デジタル処理を駆使した(使いすぎ?)のアクションシーンはまるでコンピュータゲームを見ている様。管理されすぎた画像は、清潔過ぎて映画「トラ・トラ・トラ」のアクションシーンのような生の迫力は感じません。考証的なアラを探したらキリがないのですが、たとえば航空機銃の火力がものすごく、スピットファイアの7.7 mmで誘曝するもののないHe-111爆撃機の操縦席部分が完全に吹き飛ぶ!。また、対地攻撃する零戦の機銃の威力はミサイル並みで、地上にあるものはすべて大爆発! 昔のSF映画"World of War"に出てきた町を焼き払う円盤の怪光線ようでした。

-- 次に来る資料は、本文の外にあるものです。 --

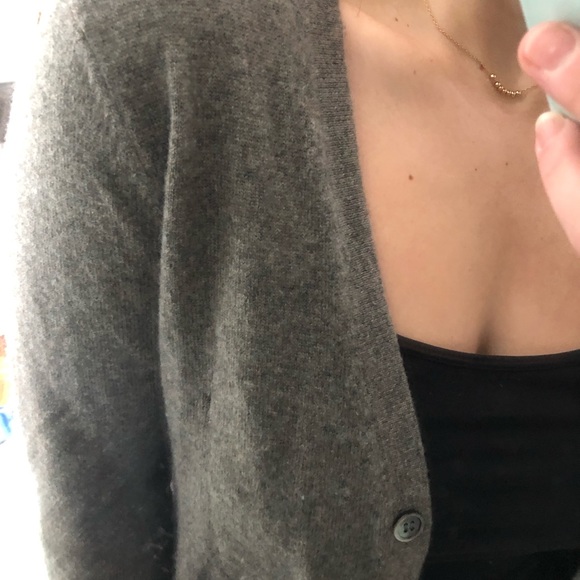 100% cashmere cardigan from a.M - Picture 3 of 3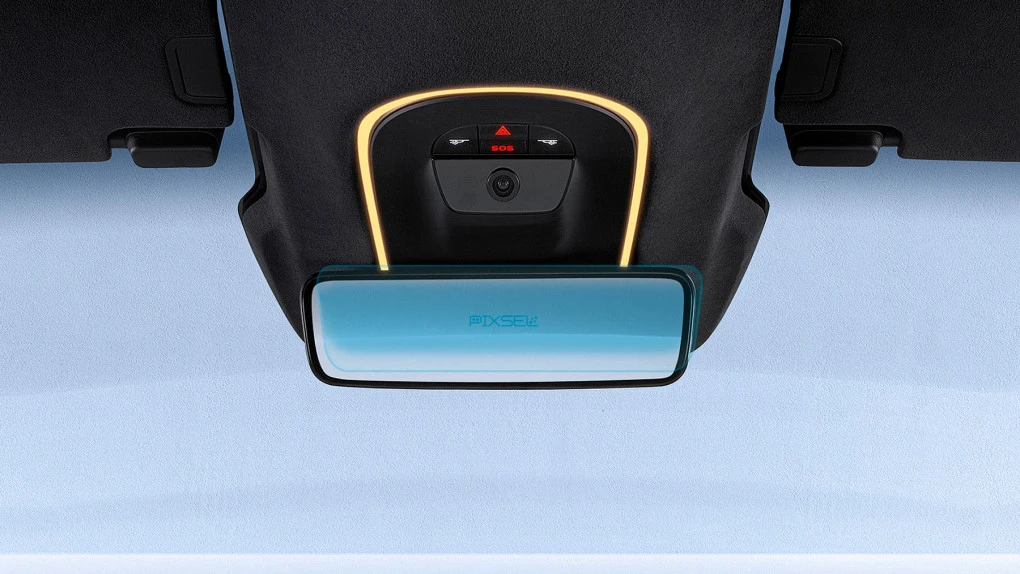 Ochronne szkło Pixsel na lusterko AVATR 12 - 9.6“ 2023 -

最後に、公開前から〜真珠湾に濃緑色に塗られた零戦が登場〜で日本のファンをガッカリさせたプレーズ・オブ・ファイムの飛行可能な零戦52型ですが、この映画のためにハンパなグレーに塗られなくて良かったですね。零戦ファンとして零戦のシーンだけは興奮しました。紛うことなきあの零戦52型のカウリングやその美しい姿態そのままに大空を舞う濃緑色の零戦52型を大画面で見て惚れ惚れしました。私もこの映画のお陰で、早くタミヤの1/32「零戦52型」を作りたくなりましたもの。